The Mixtape Vol. 77

Free and exclusive mix by DJ Fosta

Residing in South Africa’s oldest township, Langa, Thulani Headman fell in love with music early on, inspired by old-time jazz musicians like his father, Cyril Ngcukana Headman, and his late uncles, Duke and Ezra Ngcukana.

In the late 90s, Fosta, as he's better known, began DJing with Sindisa “Skullman" Cima, but then soon found himself on the wrong side of the law and had to do a stint at Pollsmoor Prison. 
However, this literally changed his life and after getting involved with a project called the Prison Broadcasting Network, he learned how to use computer software to produce music.
On release in 2005, Fosta reunited with Cima and Thulani Fesi to start up a label, 021 Records, which they formally registered as a business in 2008.
Their first song “Khulula” was well received throughout SA and was charting at number 1 for four weeks on Euphonik's show on 5FM, and was later remixed by DJ Cleo. To find out about the rest of his amazing journey read our interview with DJ Fosta after the jump. 
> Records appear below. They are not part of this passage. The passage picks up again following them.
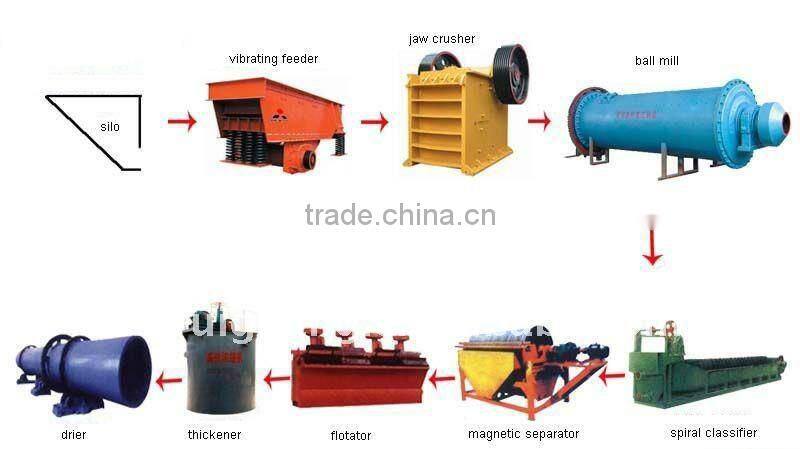 Mineral Processing Line Experts/ Ruiguang Vibrating Feeder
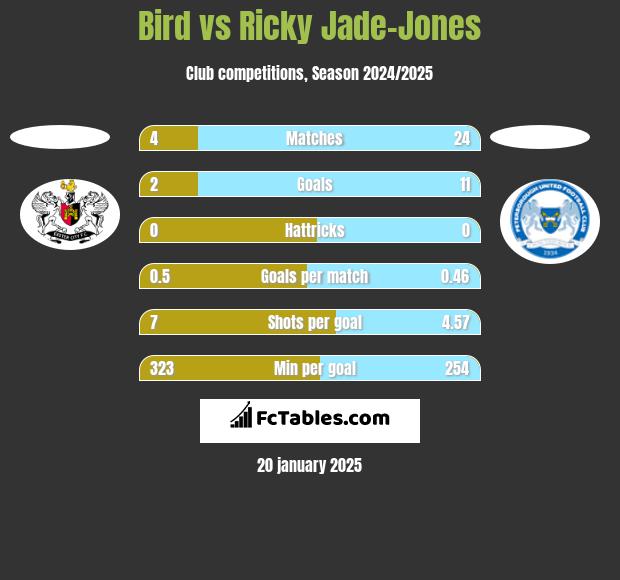 Bird vs Ricky Jade-Jones h2h player stats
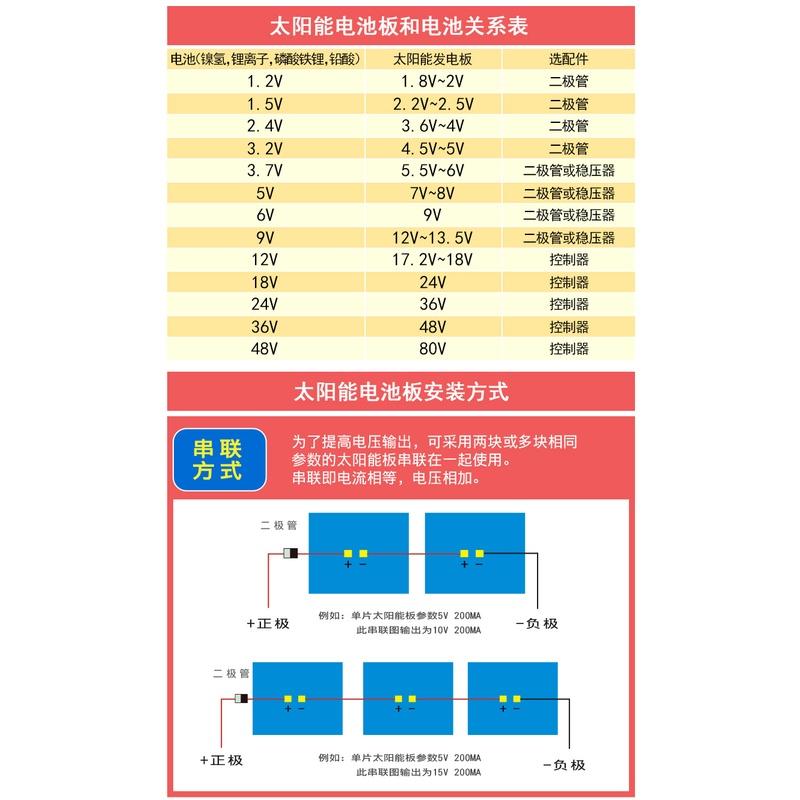 🇹🇼四月科技能源🍀單晶多晶太陽能電池板組件滴膠板PET發電板充18650電池配件可帶線-細節圖4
What is Bridges For Music?
BFM is an international non-profit organisation registered in UK and the USA, happening in SA. It works with electronic music to break down racial barriers and provide education initiatives to disadvantaged youth. Our latest initiative is building the school, which started last week in my home town, Langa. This school will play an important role in our community as it will avail resources for the youth to be educated and have practical practice in studio facilities. Entrepreneurial transferable skills like marketing, finance and audio design will be taught in a period of five months, twice a year. All of this will be made accessible in our community.
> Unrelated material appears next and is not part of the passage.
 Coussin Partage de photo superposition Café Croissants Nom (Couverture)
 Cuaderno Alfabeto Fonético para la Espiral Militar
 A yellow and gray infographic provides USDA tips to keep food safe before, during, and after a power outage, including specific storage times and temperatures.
Tell us about your Glastonbury experience.
Glastonbury 2014 was an exciting moment for me, as it was my first time representing SA. This was one of BFM's initiatives creating the bridge for our local talent to be showcased abroad. 
Describe the weekend's RTD set?
My set for RTD was about representing our products as a label and South African styles of music. I was at first nervous about the set, however, I entertained the crowd who enjoyed what I had to deliver.  
And your highlight from the festival? 
Hugh Masekela is one of the greatest acts that I have seen. He's the one artist I grew up listening to, and it was an honour to perform at the same festival after all these years.
Lastly, what's happening in today's mix you made for us? 
My mix is a compilation of different sounds of house coming from around the world. I believe house music is an international language and that's what I see this mix bringing to life.